Marcello è un toelettatore di cani gentile e amorevole, che vive, benvoluto da tutti, in un degradato quartiere periferico. Separato e padre di una bambina, con cui ha instaurato un bellissimo rapporto, l’uomo subisce la violenza fisica e psicologica di Simoncino, un ex pugile a cui procura la cocaina e che terrorizza l’intero quartiere. Dopo l’ennesima sopraffazione, però, che gli fa perdere l’amicizia degli altri abitanti, Marcello decide di non chinare la testa e di riaffermare la propria dignità.
Dopo Il racconto dei racconti, Matteo Garrone torna con Dogman dalle parti de L’imbalsamatore e, ispirandosi con molte libertà alla vicenda del Canaro della Magliana, realizza il suo film più doloroso e potente.
Nella periferia degradata e uggiosa di Castel Volturno, con i palazzi decadenti, le strade invase da pozzanghere, le sale di slot machine e i ComproOro, spunta il salone per cani del mite Marcello: un uomo buono, apprezzato da tutti e premuroso verso i suoi animali e la figlioletta Alida.
In questo microcosmo sospeso, che strizza l’occhio alla criminalità, prende vita un’opera a metà strada tra il melò e il western suburbano, che fa scontrare il protagonista gentile con la bruttezza di un mondo dominato dalla violenza e dalla legge del più forte.
Garrone inquadra splendidamente l’ambiguità del rapporto tra il malvivente che sparge il terrore nel quartiere e l’indifeso “canaro”, affidandosi alle facce e alla fisicità degli straordinari Marcello Fonte ed Edoardo Pesce. E come aveva fatto ne L’imbalsamatore, scava in profondità nell’intimità dei due uomini, tirando fuori la tenerezza e la violenza, la paura e la sopraffazione, la lealtà e il tradimento.
Gradualmente sentiamo crescere una tensione, un malessere e un senso di impotenza che quasi ci soffocano: la dolcezza e la bontà di Marcello vengono messe a dura prova dalle continue umiliazioni, facendo emergere l’aspetto più primitivo dell’essere umano, quella furia animale e distruttrice che chiede vendetta.

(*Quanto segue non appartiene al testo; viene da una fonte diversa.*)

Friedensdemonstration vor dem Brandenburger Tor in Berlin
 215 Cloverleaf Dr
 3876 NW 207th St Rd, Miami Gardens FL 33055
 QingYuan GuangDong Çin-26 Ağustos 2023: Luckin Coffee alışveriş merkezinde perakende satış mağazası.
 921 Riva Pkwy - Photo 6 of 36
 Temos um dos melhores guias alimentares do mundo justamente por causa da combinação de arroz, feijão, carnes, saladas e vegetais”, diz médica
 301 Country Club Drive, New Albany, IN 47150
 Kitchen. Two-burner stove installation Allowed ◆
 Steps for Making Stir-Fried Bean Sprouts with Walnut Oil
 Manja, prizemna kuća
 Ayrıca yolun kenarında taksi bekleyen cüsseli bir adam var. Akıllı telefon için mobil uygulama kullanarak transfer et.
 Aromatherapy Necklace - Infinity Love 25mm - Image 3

Un aspetto che, in fondo, ci riguarda tutti e che ci spinge a interrogarci nel profondo, mettendoci di fronte alle conseguenze delle scelte che facciamo quotidianamente per sopravvivere, a quei “sì” che siamo costretti a dire e che a volte vincolano per sempre le nostre vite.
Perché ciò che racconta Dogman è l’esperienza di un uomo che vede nel farsi voler bene il suo scopo principale e che tenta disperatamente di riscattarsi dopo che ha ormai perso tutto. Un uomo che si illude di aver liberato, con il suo gesto, non solo se stesso, ma anche chi gli ha voltato le spalle e che è pronto a riconquistare. Un uomo che spera che tutto torni come prima e di essere riabilitato come un piccolo grande eroe, ma che si accorge, tristemente, che dinanzi a sé ci sono solo solitudine e indifferenza.
Asciutto, dolente, girato e fotografato (da Nicolaj Bruel) con grande raffinatezza, Dogman non cade nella trappola della truculenza, ma racconta la paura e il rapporto vittima/carnefice con una forza inedita, mettendo in scena una violenza più psicologica che fisica, e per questo ancor più terribile.
Un’opera perfetta in ogni dettaglio, dai volti delle comparse alla scelta dei meravigliosi comprimari (Nunzia Schiano, Adamo Dionisi, Francesco Acquaroli, ecc.), segno che il cinema italiano è ancora vivo e vegeto.